===== Information given

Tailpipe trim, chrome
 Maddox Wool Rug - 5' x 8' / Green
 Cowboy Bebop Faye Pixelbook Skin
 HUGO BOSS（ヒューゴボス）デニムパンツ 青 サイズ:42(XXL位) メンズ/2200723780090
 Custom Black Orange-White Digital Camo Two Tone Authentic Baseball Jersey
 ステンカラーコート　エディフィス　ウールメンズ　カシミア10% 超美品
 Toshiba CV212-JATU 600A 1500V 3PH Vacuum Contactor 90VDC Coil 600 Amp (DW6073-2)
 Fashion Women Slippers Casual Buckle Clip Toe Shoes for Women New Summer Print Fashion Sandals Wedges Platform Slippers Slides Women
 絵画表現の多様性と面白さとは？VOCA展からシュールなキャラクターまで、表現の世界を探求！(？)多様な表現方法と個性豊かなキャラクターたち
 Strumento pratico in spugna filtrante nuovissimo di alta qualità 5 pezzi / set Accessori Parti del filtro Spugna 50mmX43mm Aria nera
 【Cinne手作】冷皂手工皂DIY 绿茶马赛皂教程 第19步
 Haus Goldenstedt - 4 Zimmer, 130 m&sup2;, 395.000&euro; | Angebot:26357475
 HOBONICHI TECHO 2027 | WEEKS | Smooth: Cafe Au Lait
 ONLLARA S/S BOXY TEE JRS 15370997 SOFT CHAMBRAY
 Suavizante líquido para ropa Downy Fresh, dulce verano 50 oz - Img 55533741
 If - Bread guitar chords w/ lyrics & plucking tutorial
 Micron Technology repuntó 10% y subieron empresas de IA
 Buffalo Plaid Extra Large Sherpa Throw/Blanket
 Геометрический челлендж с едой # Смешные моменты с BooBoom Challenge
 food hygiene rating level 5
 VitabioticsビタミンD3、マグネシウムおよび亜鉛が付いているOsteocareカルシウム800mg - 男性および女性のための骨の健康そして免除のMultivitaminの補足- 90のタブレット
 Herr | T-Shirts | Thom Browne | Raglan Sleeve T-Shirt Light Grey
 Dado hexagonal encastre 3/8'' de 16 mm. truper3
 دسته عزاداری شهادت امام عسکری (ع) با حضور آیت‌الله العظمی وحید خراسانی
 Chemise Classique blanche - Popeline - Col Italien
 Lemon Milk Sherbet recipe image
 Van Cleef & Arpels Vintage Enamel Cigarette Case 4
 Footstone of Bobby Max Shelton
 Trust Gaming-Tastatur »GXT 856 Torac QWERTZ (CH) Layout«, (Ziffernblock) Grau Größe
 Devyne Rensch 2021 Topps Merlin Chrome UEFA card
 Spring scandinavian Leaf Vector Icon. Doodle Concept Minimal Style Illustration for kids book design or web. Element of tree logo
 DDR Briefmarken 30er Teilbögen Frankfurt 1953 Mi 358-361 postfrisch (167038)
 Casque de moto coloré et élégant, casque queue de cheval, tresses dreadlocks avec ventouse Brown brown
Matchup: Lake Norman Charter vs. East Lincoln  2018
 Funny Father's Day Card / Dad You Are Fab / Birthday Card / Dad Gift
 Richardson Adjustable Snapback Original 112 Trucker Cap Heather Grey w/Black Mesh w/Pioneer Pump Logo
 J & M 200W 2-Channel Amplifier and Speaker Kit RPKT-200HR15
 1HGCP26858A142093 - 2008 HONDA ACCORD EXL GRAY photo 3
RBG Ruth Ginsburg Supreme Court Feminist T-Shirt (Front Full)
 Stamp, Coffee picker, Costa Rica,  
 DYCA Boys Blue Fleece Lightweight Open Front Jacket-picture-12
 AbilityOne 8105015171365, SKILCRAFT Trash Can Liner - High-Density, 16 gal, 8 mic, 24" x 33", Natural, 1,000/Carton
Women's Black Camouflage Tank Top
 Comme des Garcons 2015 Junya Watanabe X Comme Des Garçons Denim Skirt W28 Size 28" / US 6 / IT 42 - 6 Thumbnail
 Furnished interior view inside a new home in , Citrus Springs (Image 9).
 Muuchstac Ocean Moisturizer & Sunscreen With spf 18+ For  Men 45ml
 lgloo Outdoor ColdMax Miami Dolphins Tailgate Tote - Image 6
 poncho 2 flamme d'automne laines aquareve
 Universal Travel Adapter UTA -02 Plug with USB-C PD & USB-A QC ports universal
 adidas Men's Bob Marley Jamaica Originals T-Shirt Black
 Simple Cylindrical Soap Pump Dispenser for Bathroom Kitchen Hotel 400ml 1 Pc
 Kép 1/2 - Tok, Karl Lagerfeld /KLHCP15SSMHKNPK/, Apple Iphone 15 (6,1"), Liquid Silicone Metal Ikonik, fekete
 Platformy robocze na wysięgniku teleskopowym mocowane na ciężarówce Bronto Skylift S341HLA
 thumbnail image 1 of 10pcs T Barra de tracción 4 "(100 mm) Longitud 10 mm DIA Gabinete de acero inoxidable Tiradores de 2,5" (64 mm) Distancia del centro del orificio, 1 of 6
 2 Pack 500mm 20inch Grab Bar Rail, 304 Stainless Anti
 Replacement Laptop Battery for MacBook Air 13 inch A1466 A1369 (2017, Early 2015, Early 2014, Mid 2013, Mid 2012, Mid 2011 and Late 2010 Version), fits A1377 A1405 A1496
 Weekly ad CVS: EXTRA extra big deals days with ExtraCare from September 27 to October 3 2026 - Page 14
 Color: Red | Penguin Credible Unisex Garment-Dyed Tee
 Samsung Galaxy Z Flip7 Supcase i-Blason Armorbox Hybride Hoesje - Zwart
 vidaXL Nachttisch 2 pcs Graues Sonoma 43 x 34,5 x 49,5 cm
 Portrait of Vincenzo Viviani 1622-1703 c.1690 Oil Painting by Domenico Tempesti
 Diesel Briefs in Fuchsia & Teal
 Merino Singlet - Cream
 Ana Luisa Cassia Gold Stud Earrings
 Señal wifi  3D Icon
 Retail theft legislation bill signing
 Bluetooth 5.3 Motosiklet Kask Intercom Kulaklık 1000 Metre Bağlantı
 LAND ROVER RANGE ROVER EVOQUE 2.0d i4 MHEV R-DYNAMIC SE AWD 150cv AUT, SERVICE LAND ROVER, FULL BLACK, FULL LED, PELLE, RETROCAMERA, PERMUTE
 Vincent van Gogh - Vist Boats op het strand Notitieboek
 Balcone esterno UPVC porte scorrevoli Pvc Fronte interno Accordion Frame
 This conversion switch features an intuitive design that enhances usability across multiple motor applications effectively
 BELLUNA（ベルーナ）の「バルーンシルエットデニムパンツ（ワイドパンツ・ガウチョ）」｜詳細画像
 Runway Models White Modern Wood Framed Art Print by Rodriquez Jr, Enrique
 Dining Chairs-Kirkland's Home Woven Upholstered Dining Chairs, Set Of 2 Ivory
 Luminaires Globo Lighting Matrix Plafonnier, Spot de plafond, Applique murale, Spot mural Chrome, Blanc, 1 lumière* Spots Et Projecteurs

==========

Give the number of lines in the records above that contain the word "White", and nothing more.

2